Using the chain rule, we have \(\frac{dv}{dt} = \frac{dv}{dy} \cdot \frac{dy}{dt}\). Since \(\frac{dy}{dt} = v(t)\), we can write \(\frac{dv}{dt} = v \cdot \frac{dv}{dy}\). We can now rewrite this equation as \(\frac{dv}{dt} = \frac{1}{2} \frac{d}{dy}(v^2)\).

c. Find the equation of motion for the projectile \(\frac{1}{2} \frac{d}{d y}\left(v^{2}\right) = a(y).\)

Since in part (a) we showed that \(\frac{dv}{dt} = a(y)\), and in part (b) we found that \(\frac{dv}{dt} = \frac{1}{2} \frac{d}{dy}(v^2)\), we can equate these two expressions to obtain the equation of motion for the projectile: \(\frac{1}{2} \frac{d}{dy}(v^2) = a(y)\).

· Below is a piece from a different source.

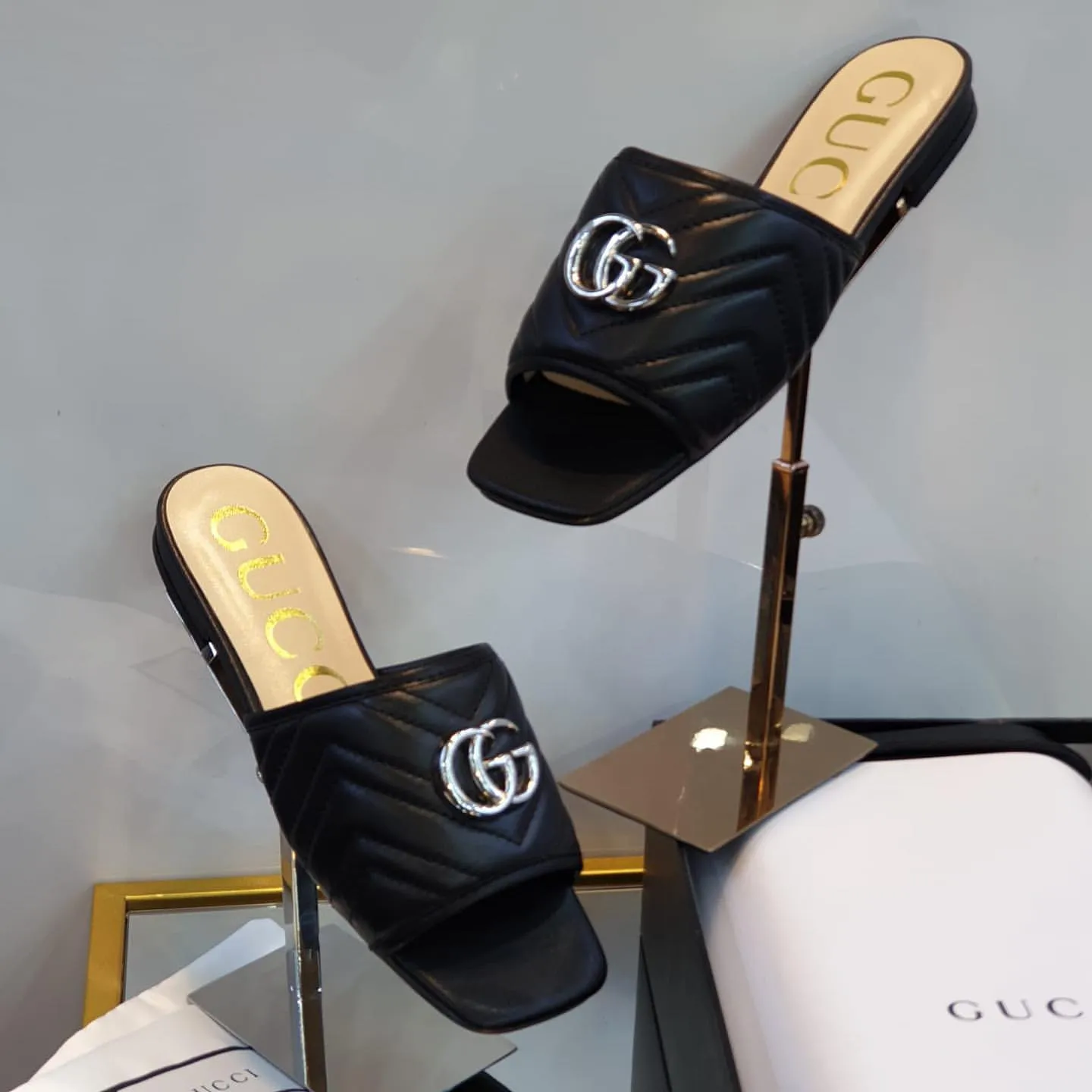 Luxury Shoes - GUC - 6459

d. Integrate both sides of the equation from part (c) with respect to \(y\) to find the relationship between \(v\) and \(y.\)

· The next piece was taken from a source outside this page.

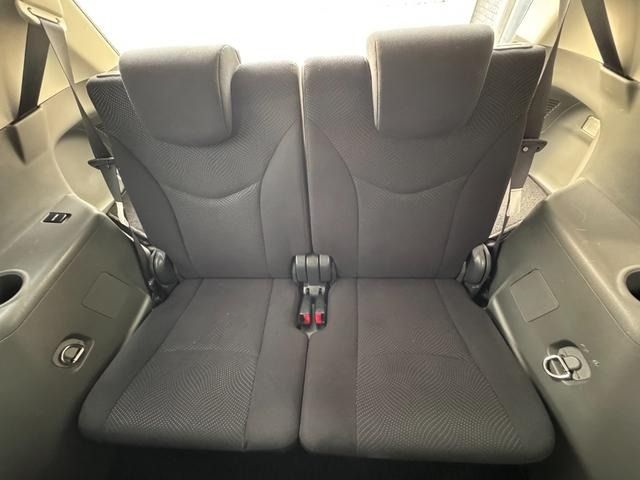 TOYOTA PRIUS Alpha 2014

Integrating both sides of the equation \(\frac{1}{2} \frac{d}{dy}(v^2) = a(y)\) with respect to \(y\), we get: $$\int \frac{1}{2} \frac{d}{dy}(v^2) dy = \int a(y) dy$$ By the fundamental theorem of calculus, the left-hand side of the equation integrates to \(\frac{1}{2}(v^2 - v_0^2)\). Integration of the right-hand side with the initial condition \(y=0, v=v_0\) gives: $$g R \left(\frac{1}{1+\frac{y}{R}} - 1\right)$$ Thus, we get: $$\frac{1}{2}(v^2 - v_0^2) = g R\left(\frac{1}{1+\frac{y}{R}} - 1\right)$$

e. Determine the maximum height of the projectile \(y_{\max}.\)

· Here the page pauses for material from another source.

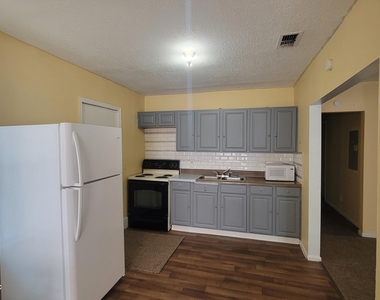 2810 Venus Street - Photo Thumbnail 4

At the maximum height of the projectile, its velocity is zero, \(v = 0\). Using the equation from part (d) and setting \(v = 0\), we obtain: $$-\frac{1}{2} v_0^2 = g R \left(\frac{1}{1 + \frac{y_{\max}}{R}} - 1\right)$$ Solving for \(y_{\max}\) gives: $$y_{\max} = \frac{R v_0^2}{2 g R - v_0^2}$$

f. Calculate the maximum height for different initial velocities.

Using the formula from part (e), we can find the maximum height of the projectile for different initial velocities \(v_0\): 1. For \(v_0 = 500 \mathrm{m/s}\): $$y_{\max} = \frac{R (500)^2}{2 g R - (500)^2} \approx 28,962 \mathrm{m}$$ 2. For \(v_0 = 1500 \mathrm{m/s}\): $$y_{\max} = \frac{R (1500)^2}{2 g R - (1500)^2} \approx 906,859 \mathrm{m}$$ 3. For \(v_0 = 5000 \mathrm{m/s}\): $$y_{\max} = \frac{R (5000)^2}{2 g R - (5000)^2} \approx 6,388,548 \mathrm{m}$$

g. Determine the escape velocity needed to put the projectile into orbit.

To find the escape velocity, we need to determine the initial velocity \(v_0\) at which the projectile can reach infinitely far from Earth. In other words, when \(y_{\max} \to \infty\), the denominator of the expression for \(y_{\max}\) should be zero: $$2 g R - v_0^2 = 0$$ Solving for \(v_0\), we get the escape velocity: $$v_0 = \sqrt{2 g R}$$

Key concepts

Acceleration Due to Gravity

Acceleration due to gravity is a critical concept when discussing projectile motion on Earth or any other celestial body. On Earth's surface, this acceleration is approximately 9.8 meters per second squared (\( g = 9.8 \, \text{m/s}^2 \)), though slight variations can occur based on altitude and local geology.
As a projectile moves upwards and away from the Earth's surface, the pull of gravity weakens. This decrease follows Newton’s law of gravitation, leading to a variation in gravitational acceleration based on the distance from the Earth's center. At a distance \( y \) from the surface, the acceleration is provided by the formula: \[ a(y) = -\frac{g}{(1 + \frac{y}{R})^2} \] where \( R \) is the Earth's radius (approximately 6.4 million meters). This negative sign indicates that gravity acts in the opposite direction of the projectile's upward motion. Understanding this decreasing acceleration is crucial in calculating a projectile's motion and trajectory over large distances from the Earth's surface.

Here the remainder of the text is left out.